DAM1_Assignment_Fall2024

Author

Steve Hoffman

Purpose of the Data-Analytic Memo

Here you will conduct analyses on behalf of a trio of 3rd-grade teachers at Lindquist Elementary School in Hometown, USA. The Principal of the school has requested your assistance helping these teachers analyze some of their preliminary in-house assessments. Ms. Affolter, Mr. Miller-Lane, and Ms. Weston teach 3rd grade, and they plan their instruction together often. After one month of school, they compiled scores for a comprehensive 64-item spelling test for the words they’ve agreed to teach (16 words each week). And they administered the first unit test of 40 items from their mathematics textbook. Ms. Weston keyed in the scores into a Google sheet for all the students on the 3rd grade team and shared them with the Principal. Your task, then, is to make sense of this data and describe your suggestions back to the teaching team.

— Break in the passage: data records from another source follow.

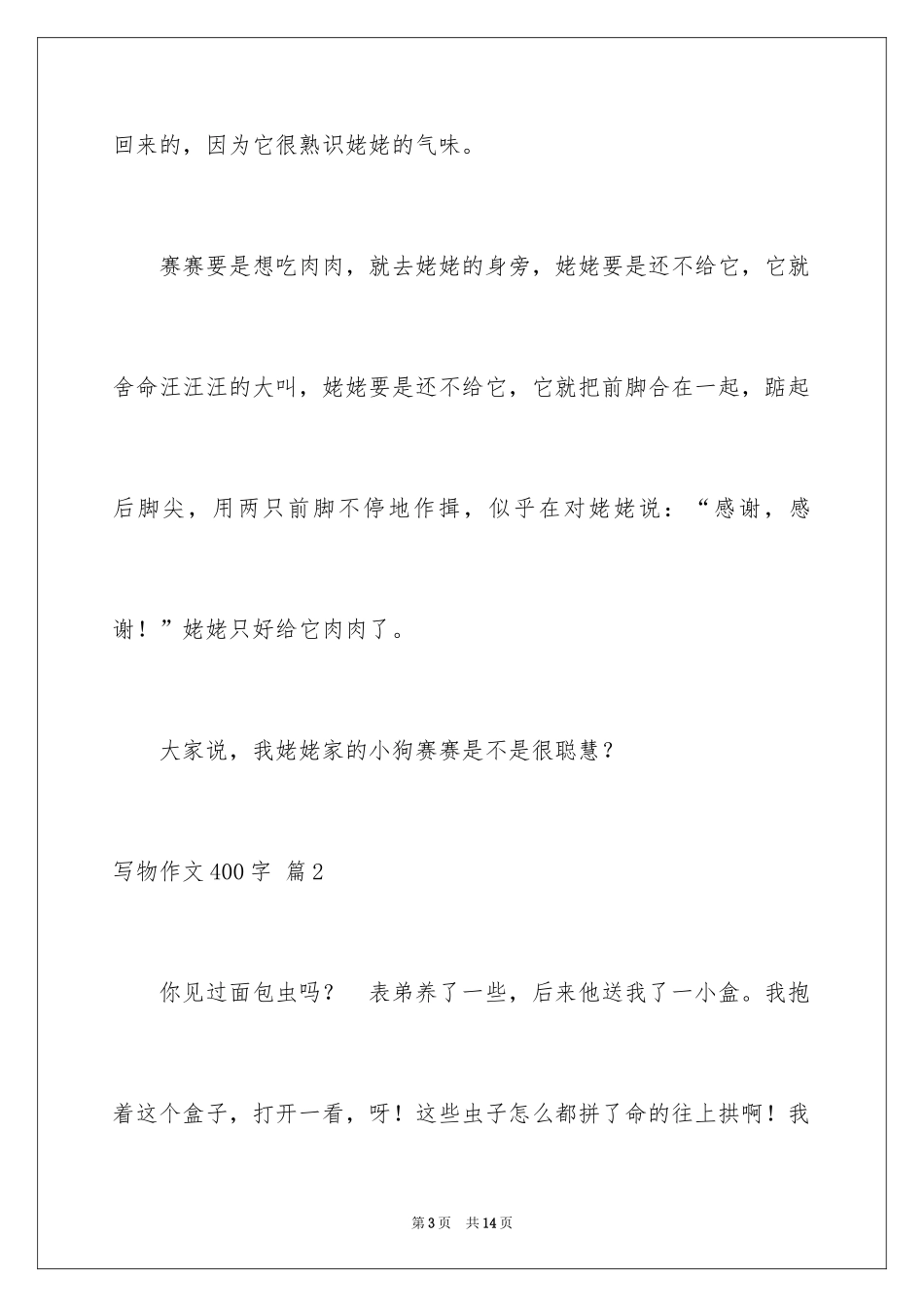 2024写物作文400字_20_第3页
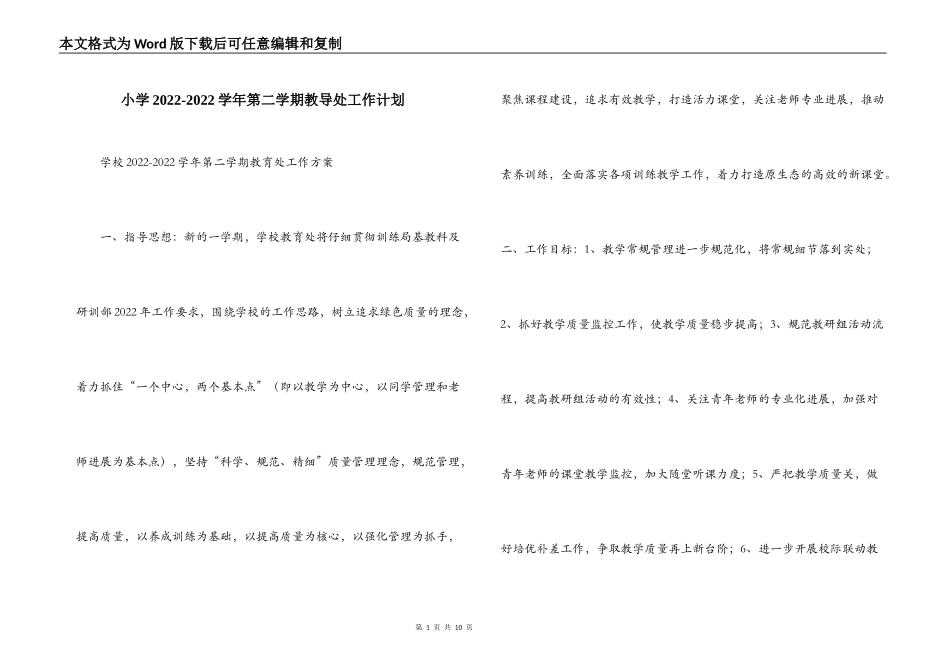 小学2022-2022学年第二学期教导处工作计划_第1页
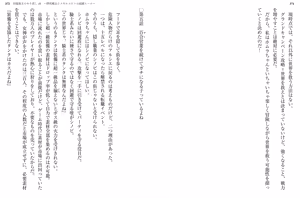 Page 195 of Kaifuku Jutsushi no Yarinaoshi Volume 10 - preview thumbnail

Remember that this assignment is all about collaborative learning. It is an opportunity to try out your skills as a coder and your understanding of educational testing. Please ensure that you engage in a full, fair, and mutually-agreeable collaboration with your partner(s). Do not simply divide the work. Discuss and plan your analyses together; debate what you have found with each other; collaborate on the writing.

Data set

The data are contained in a Google Sheet:

https://docs.google.com/spreadsheets/d/1778B79za0VK7-OnSNGeybGRR0F_4AlSxd2n64Nh9LiE/edit?usp=sharing

Ms. Weston included the following details.

Boys were assigned as 1; girls were assigned as 2. However, she left three of the students’ gender blank, as Morgan, Paige, and River are to be categorized as nonbinary. The teachers ask that you work out how to make this happen in the data.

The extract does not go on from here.